- Poster
- Directed by: Rajavarman
- Written by: Rajavarman
- Produced by: A. G. Subramaniam
- Starring: Murali; Shaali;
- Cinematography: Ravindar
- Edited by: Ganesh Kumar
- Music by: Ilaiyaraaja
- Production company: AGS Movies
- Release date: 4 June 1993;
- Country: India
- Language: Tamil

= Thangakkili =

Thangakkili is a 1993 Indian Tamil-language film directed by Rajavarman and produced by A. G. Subramaniam. The film stars Murali and Shaali, with Vijayakumar and Janagaraj in supporting roles. It was released on 4 June 1993.

== Production ==
The film was shot in Ooty.

== Soundtrack ==
Soundtrack was composed by Ilaiyaraaja.

| Song | Singers | Lyrics | Length |
| "Ninaikkatha" | S. Janaki | Ponnadiyan | 04:39 |
| "Ninaikkatha" (sad) | S. Janaki, Mano | 04:57 |
| "Thangathadi Manasu" | Mano, Sindhu | Vaali | 04:55 |
| "Naan Deva Devi" | Swarnalatha, Mano | Na.

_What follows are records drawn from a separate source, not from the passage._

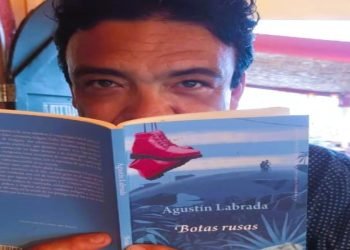 |LITORALES| BOTAS RUSAS VS. MOCASINES ITALIANOS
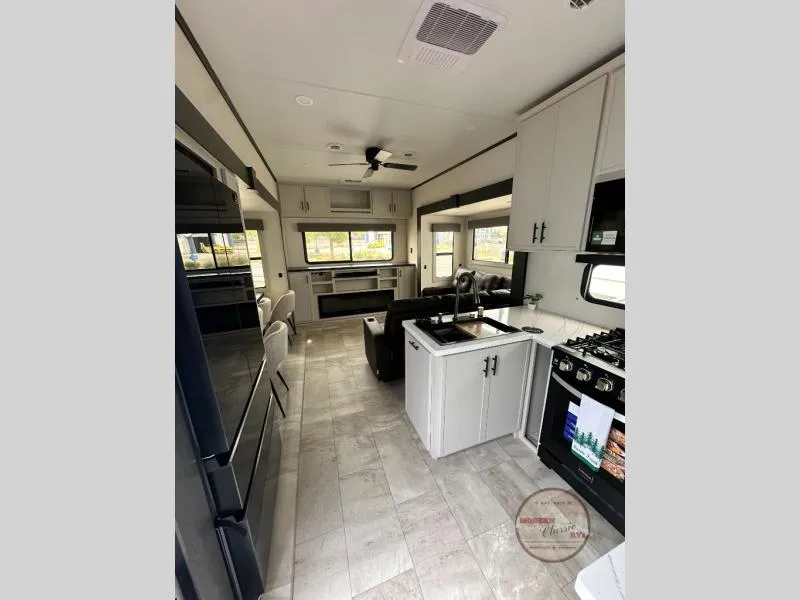 2026 Prime Time RV Sanibel 34LOUNGE - Photo 4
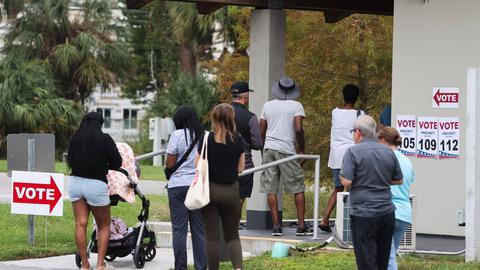 St. Petersburg, Florida, USA: Mehrere Menschen stehen vor einem Gebäude, um ihre Stimmen bei der Präsidentschaftswahl abgeben zu können.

Kamarasan | 05:00 |
| "Eyka Varum" | Mano | Muthulingam | 04:59 |

== Reception ==
Malini Mannath wrote for The Indian Express, "An oft-repeated storyline, clichéd situations, insipid narration, and lackluster performances make Thanga Kili [...] a film to be recommended to one's enemies."